NECとNTTコミュニケーションズは2023年8月3日、製造プラント内で作業員に異常が発生した際に迅速に検知・救出することを目指し、3Dマップとスマートグラスを活用して作業員の位置測位を行う実証実験を実施したと発表した。なお、今回の実証はJFEエンジニアリングの協力のもと、同社の運営する実証用プラント「5G Innovation Plant」で行われた。

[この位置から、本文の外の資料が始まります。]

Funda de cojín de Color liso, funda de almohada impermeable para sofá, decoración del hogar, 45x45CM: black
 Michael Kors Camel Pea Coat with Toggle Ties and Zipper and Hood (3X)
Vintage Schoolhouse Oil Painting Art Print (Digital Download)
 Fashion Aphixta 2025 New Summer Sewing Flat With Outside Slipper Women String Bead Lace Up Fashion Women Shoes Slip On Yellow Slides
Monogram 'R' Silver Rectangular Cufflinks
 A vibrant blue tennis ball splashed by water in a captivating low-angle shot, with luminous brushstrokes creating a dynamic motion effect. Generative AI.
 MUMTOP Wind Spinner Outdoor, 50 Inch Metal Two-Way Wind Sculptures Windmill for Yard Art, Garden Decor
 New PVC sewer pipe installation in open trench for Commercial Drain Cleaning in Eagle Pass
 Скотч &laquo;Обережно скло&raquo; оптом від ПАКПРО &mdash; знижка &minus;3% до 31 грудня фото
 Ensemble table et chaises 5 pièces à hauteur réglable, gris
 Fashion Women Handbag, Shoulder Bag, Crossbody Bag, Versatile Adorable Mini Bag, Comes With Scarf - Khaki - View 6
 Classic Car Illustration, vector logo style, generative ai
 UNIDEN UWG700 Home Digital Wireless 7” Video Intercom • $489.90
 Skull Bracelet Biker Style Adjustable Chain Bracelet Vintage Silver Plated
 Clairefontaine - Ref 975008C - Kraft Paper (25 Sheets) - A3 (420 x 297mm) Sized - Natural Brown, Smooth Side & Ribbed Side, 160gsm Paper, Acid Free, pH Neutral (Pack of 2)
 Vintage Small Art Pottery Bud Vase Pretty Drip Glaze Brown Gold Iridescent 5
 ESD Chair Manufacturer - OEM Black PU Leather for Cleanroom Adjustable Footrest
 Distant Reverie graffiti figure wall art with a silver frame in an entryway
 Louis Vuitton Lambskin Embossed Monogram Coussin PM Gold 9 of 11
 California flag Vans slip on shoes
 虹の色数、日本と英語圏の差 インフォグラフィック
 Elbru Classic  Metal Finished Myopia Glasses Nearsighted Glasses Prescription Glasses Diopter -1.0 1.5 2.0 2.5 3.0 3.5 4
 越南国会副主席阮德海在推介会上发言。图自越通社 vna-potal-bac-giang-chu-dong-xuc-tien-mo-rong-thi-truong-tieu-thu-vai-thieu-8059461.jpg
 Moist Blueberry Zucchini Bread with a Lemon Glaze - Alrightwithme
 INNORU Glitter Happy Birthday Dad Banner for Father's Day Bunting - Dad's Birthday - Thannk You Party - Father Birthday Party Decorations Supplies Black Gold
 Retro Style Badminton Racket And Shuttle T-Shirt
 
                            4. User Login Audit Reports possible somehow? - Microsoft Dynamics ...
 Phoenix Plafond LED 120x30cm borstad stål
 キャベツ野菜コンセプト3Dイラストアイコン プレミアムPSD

実証実験では、製造プラント内の作業員が装着したスマートグラスから目線映像を取得し、事前に作成した3Dマップと照合することで、作業員の位置測位を行った。
今回の実証の構成
具体的には、スマートフォンで事前にプラント内を撮影し、映像データを用いて自己の位置や姿勢の推定と環境地図作成を同時に行う「VSLAM(Visual SLAM)」技術で3Dマップを構築(初回のみ)。プラント内で作業する作業員がスマートグラスを装着し、スマートグラスで目線映像を記録した。その映像から特徴点を捉え、事前に撮影したプラント内の画像から作成した3Dマップと照合することで、GPSやビーコンを使わずに位置測位を行った。
本実証では、スマートグラスを装着した作業員が歩行速度などを意識して巡回したところ、歩行開始から終了まで正確な位置測位ができた。今後、歩行速度によらず正確な位置測位ができるよう、照合精度の向上に向けたチューニングなどの検証を行う。
スマートグラスで撮影した映像から特徴点を捉える様子
また、カメラ目線映像をサーバーに保存しオフライン環境で3Dマップと照合して測位精度を確認した。今後は、3Dマップへカメラ目線映像を直接伝送・照合する仕組みを作ることで、リアルタイムに作業員の位置把握ができるよう準備を進める。
事前に作成したプラント内の地図と移動軌跡
両社は今回の実証で明らかとなった課題を検証し、2023年度末頃の商用化を目指して連携していくとともに、製造プラントにおける安心・安全な環境づくりへの貢献に向けた事業共創を検討していくとしている。